I think there is huge value in learning about our brains, to help us understand the way we behave and also how we can empathize with and relate to other people around us. For example, if you find out a little bit about memories stored in the brain and how you learn new things, you might be able to be more efficient with your learning and adopt the best techniques for revision. If you understand how your brain develops as you go from a child to a teenager to an adult, you might appreciate why certain things feel like such a big deal to us at each stage in our life. This might help adults empathize with young people, and vice versa. And, vitally, the more we understand about our brains, the better we can protect our own mental well-being, in schools and at home, as well as help those around us who might be struggling. It is vital we show children that it is ok to talk about your feelings and share what is on their minds. We hope that by helping kids and teenagers to understand their own mental well-being, and that of others, we can help build a more empathetic and resilient society.
I also wanted Braintastic! Science to show young people that anyone can do science- whatever their background. We believe that science is an important part of everyday life, and should be available to everyone, whatever their gender, race, or socioeconomic background. For too long, images of scientists have been of old white men with wild hair- and that’s something I was really keen to fight against in Braintastic! Science. Science isn’t full of ‘lone geniuses’- it’s collaborative, and done by a whole range of different types of people. And there are so many fantastic, diverse, people out there who are great role models, including these fab women in STEM we highlighted in a recent blog.

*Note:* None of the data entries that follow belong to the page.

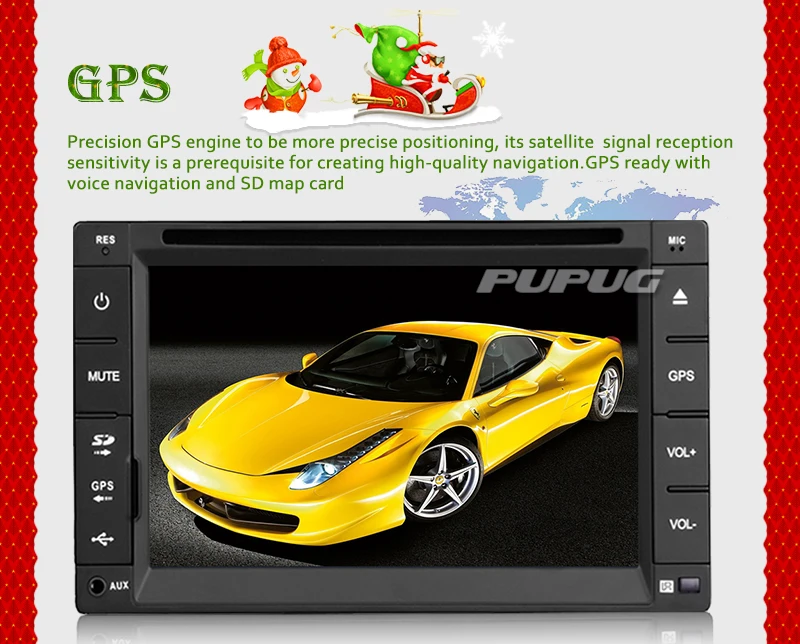 Cheap 2 din radio car dvd player gps navigation tape recorder autoradio cassette player for car radio steering-wheel car multimedia 4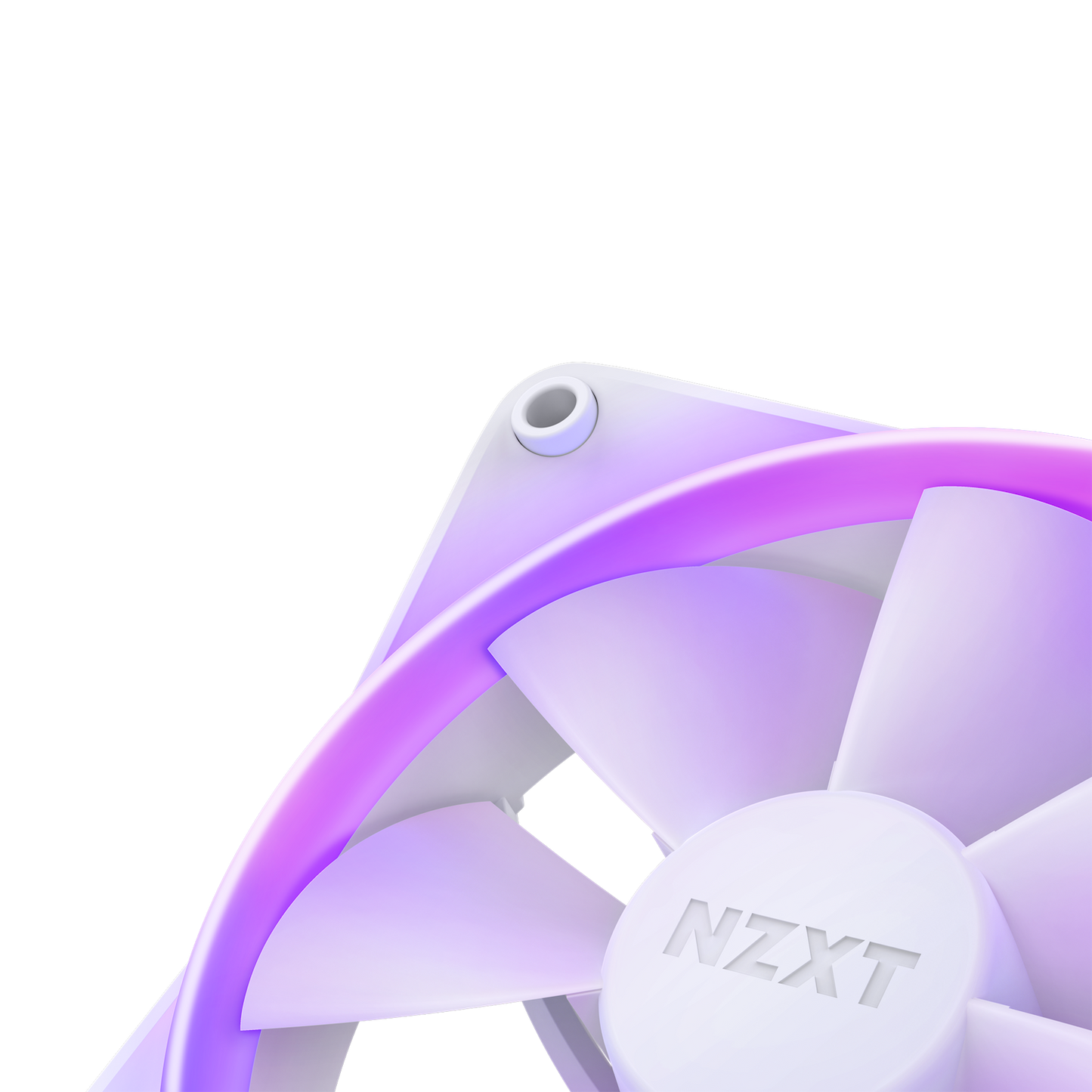 NZXT F120RGB - 120MM RGB HEATSINK FANS - TRIPLE (WHITE) RF-R12TF-W1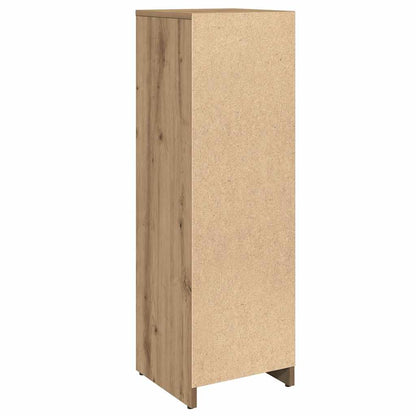 Badeværelsesskab 30x30x95 Cm Konstrueret Træ - Billede 7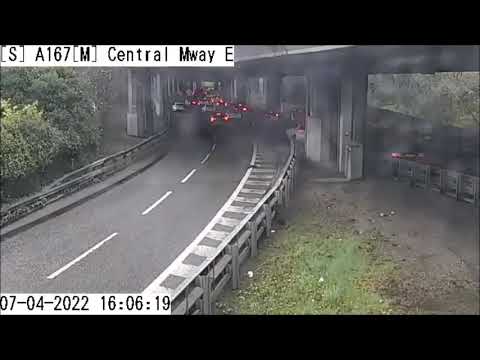 Newcastle - Central Motorway Near Jesmond Road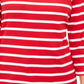 Karen Scott Women's Colorblocked Studded Top Red Size Medium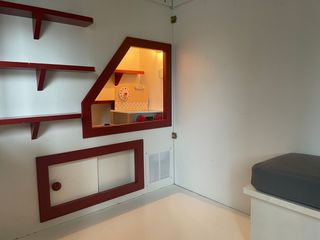 Casita infantil con dos camas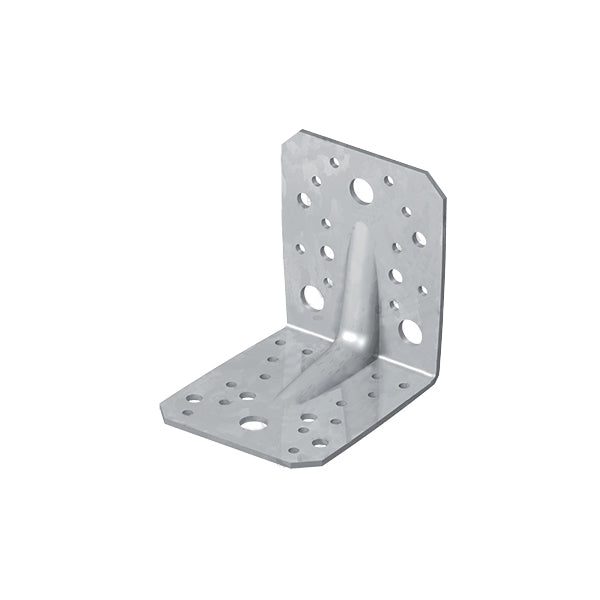 TECFI PIASTRA ANGOLARE PESANTE NERVATA ZINCATA ART. KS02 MM 90X105X2,5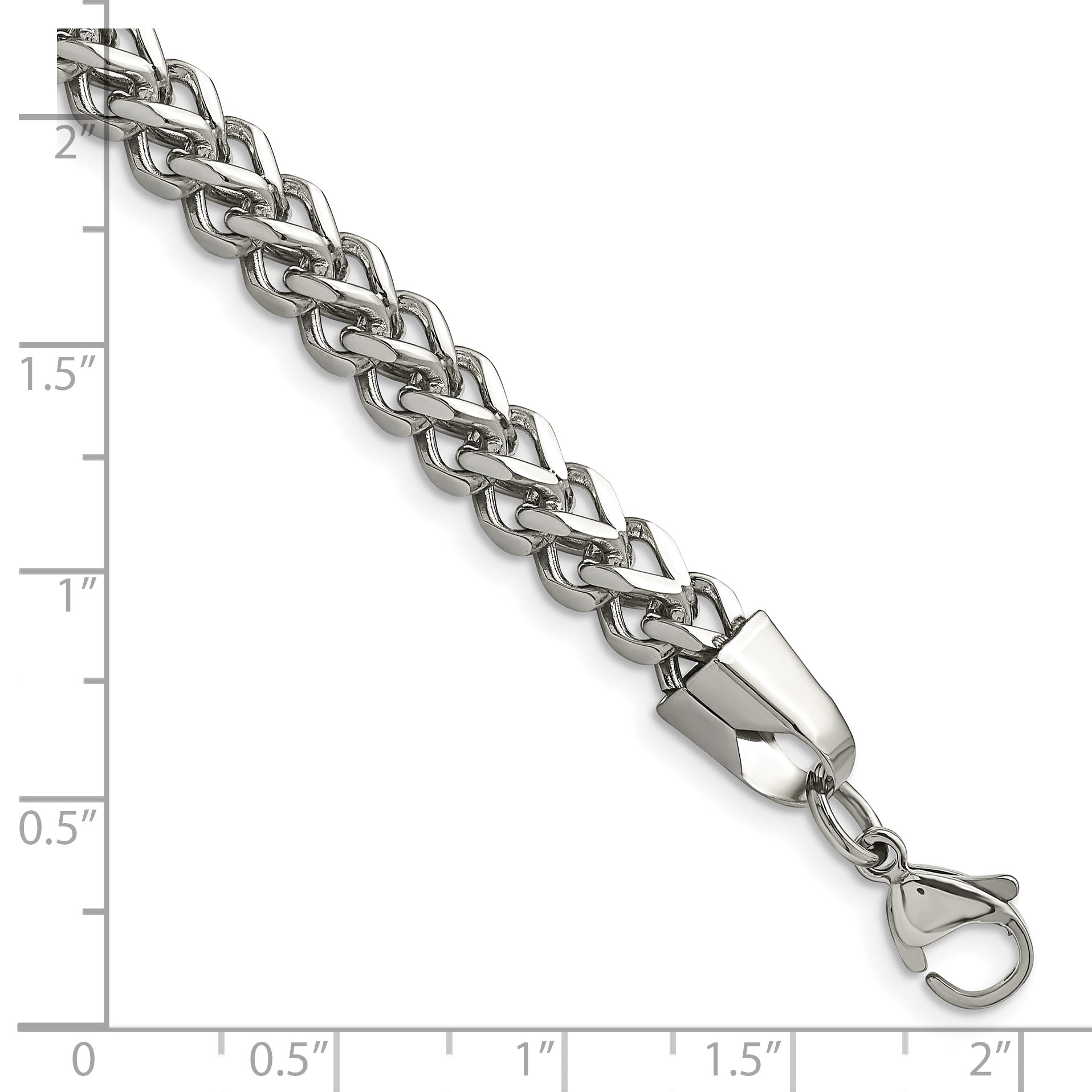 Chisel Stainless Steel Polished 5.5mm 8.5 inch Franco Chain Secondary image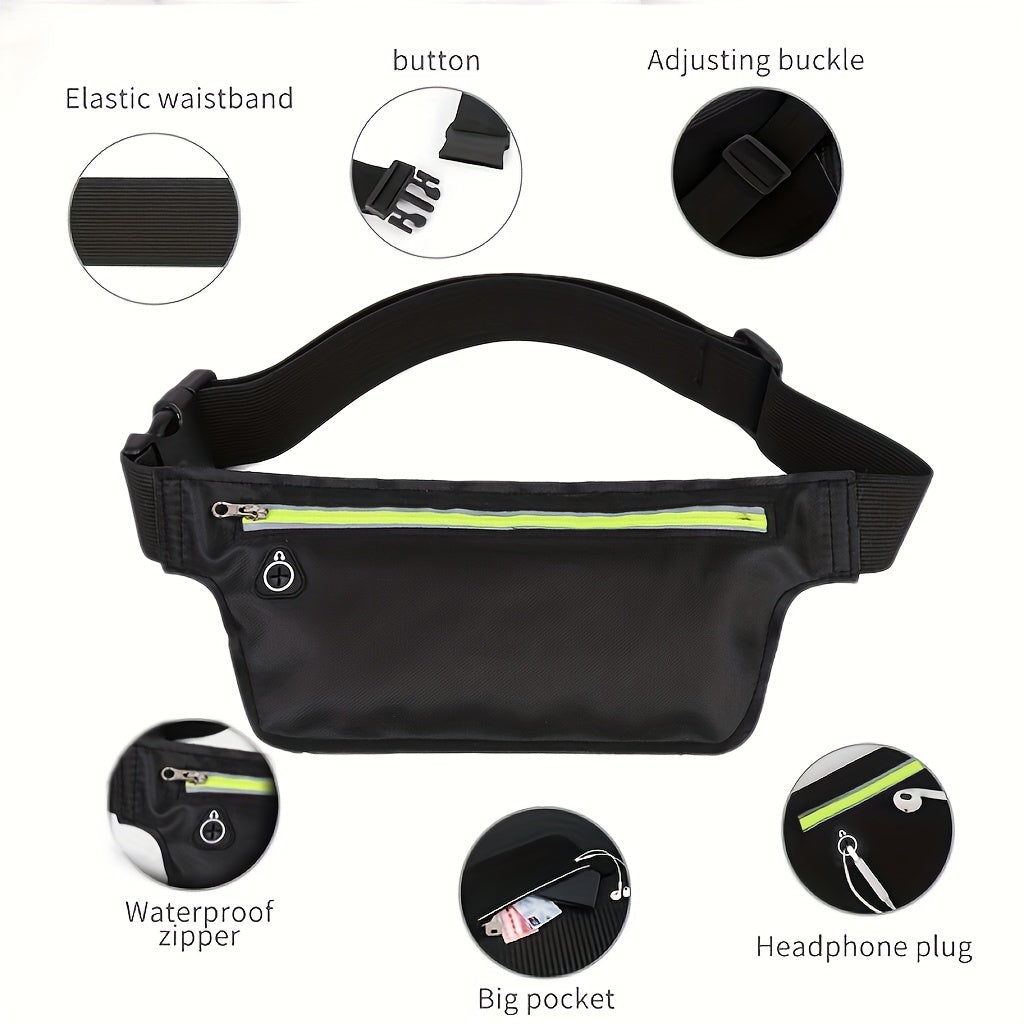 Portable Outdoor Sports Waist Bag Reflective Lightweight Waterproof Fanny Pack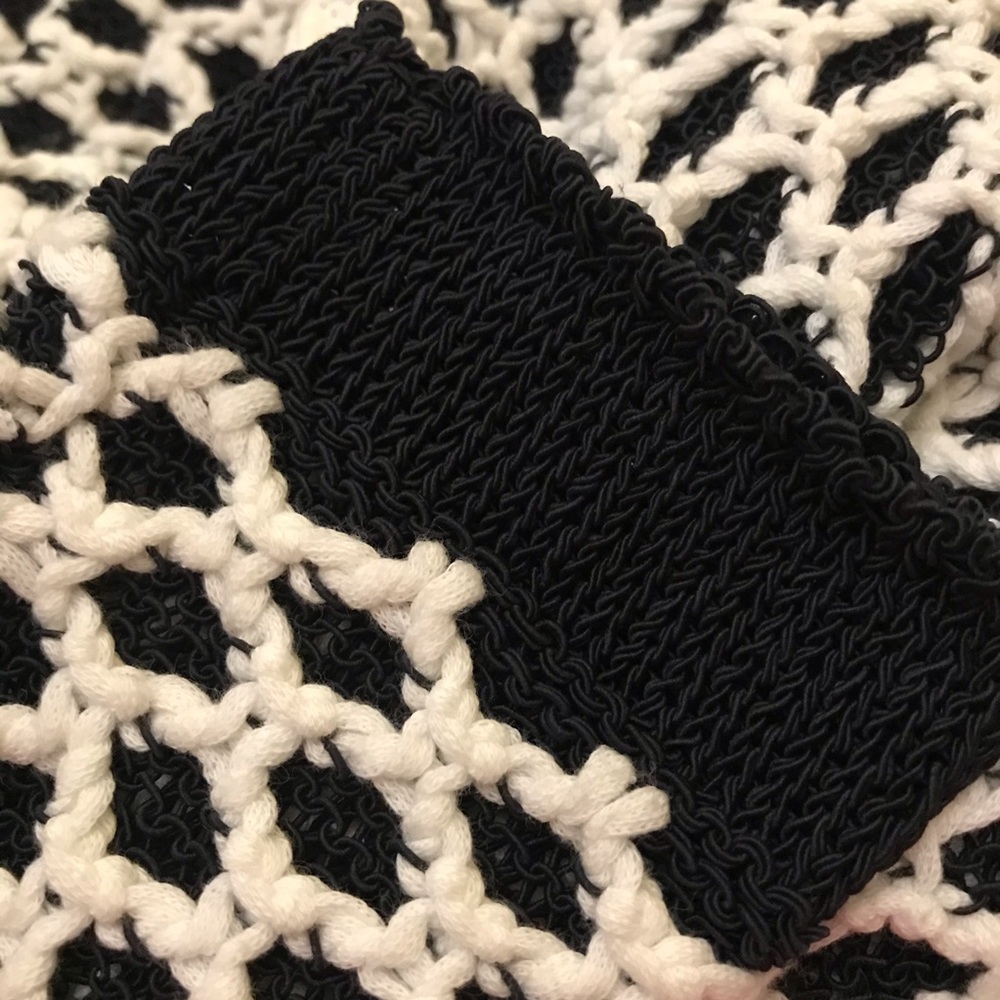 Rag & Bone Taryn Crochet Mesh Black White Sweater - Picture 6 of 9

All our presenters are brain experts, with at least one degree related to neuroscience or psychology, as well as being fantastic communicators and storytellers. I am really proud of the diverse routes my presenters took into science and hope that their stories will help in smashing stereotypes that are so persistent in STEM and inspiring the next generation of scientists. We also aim for our content to be as inclusive as possible, and work with schools to accommodate any specific needs their students might have. I am also working to make my group of presenters more diverse, by launching the Braintastic! Science mentoring programme, to help support people from underrepresented backgrounds who are interested in science communication.
As well as these more altruistic reasons to found Braintastic! Science, I had a selfish reason too. I love everything about presenting on stage and talking to young people about their brains, so this is my way of continuing to do that. My favourite part of any show is always the Q&A that we do at the end. I love hearing kids’ questions about the brain. They ask the most fantastic things and they always keep me on my toes. I've been doing this for ten years now and yet almost every time there is a question that I haven't answered before. Sometimes it's something that I know the answer to, and that's great. Sometimes it's something that probably has an answer, but I don't know it and I have to admit that – and tell them that I'm going to go away and look it up. But often the questions simply don't have an answer because there's so much that we don't know about neuroscience. I love sharing unanswered science questions with the kids because maybe some of them will go on to be neuroscientists and be the ones who find the answer to that question! I find that thought really exciting.